*GOAL OF THE EXERCISE*
Give back the data below word for word. Any image in it should be left out.

*DATA FOR ANALYSIS*
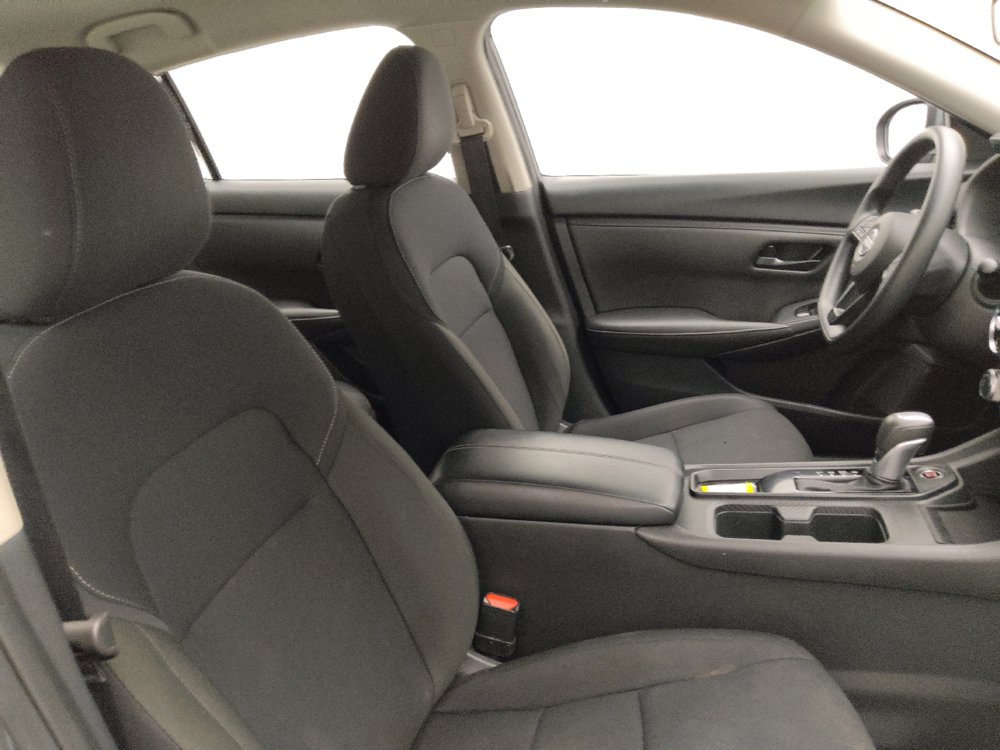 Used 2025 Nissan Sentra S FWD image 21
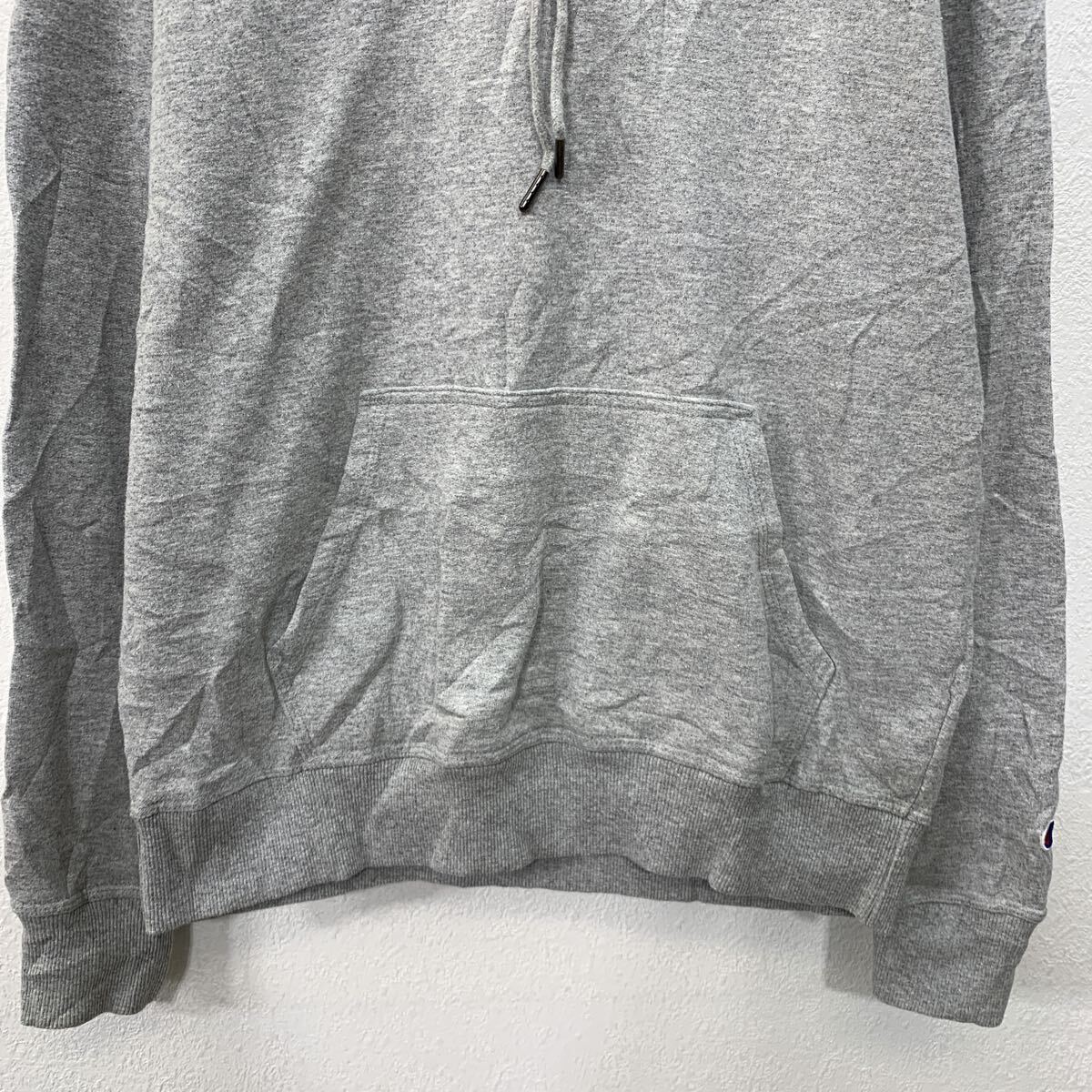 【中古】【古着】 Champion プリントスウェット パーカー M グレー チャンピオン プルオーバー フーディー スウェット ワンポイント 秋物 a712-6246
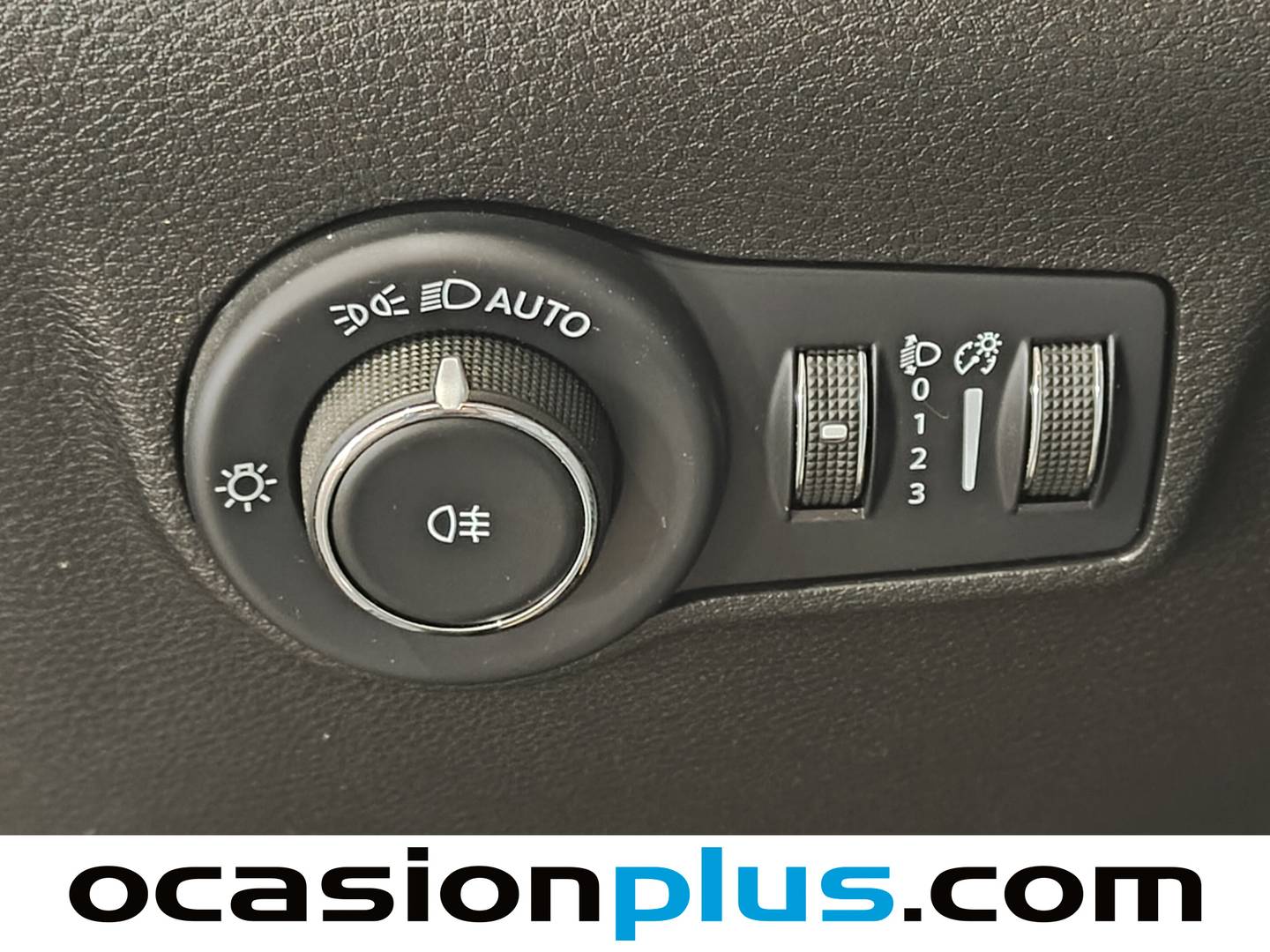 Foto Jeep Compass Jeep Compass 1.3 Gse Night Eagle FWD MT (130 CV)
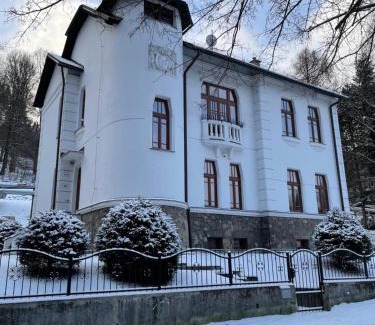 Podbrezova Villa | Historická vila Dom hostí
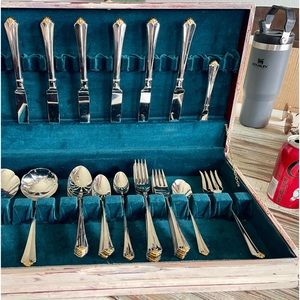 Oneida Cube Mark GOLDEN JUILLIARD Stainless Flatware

*SOLUTION TO THE PROBLEM*
 Used 2025 Nissan Sentra S FWD image 21
 【中古】【古着】 Champion プリントスウェット パーカー M グレー チャンピオン プルオーバー フーディー スウェット ワンポイント 秋物 a712-6246
 Foto Jeep Compass Jeep Compass 1.3 Gse Night Eagle FWD MT (130 CV)
 Podbrezova Villa | Historická vila Dom hostí
 Oneida Cube Mark GOLDEN JUILLIARD Stainless Flatware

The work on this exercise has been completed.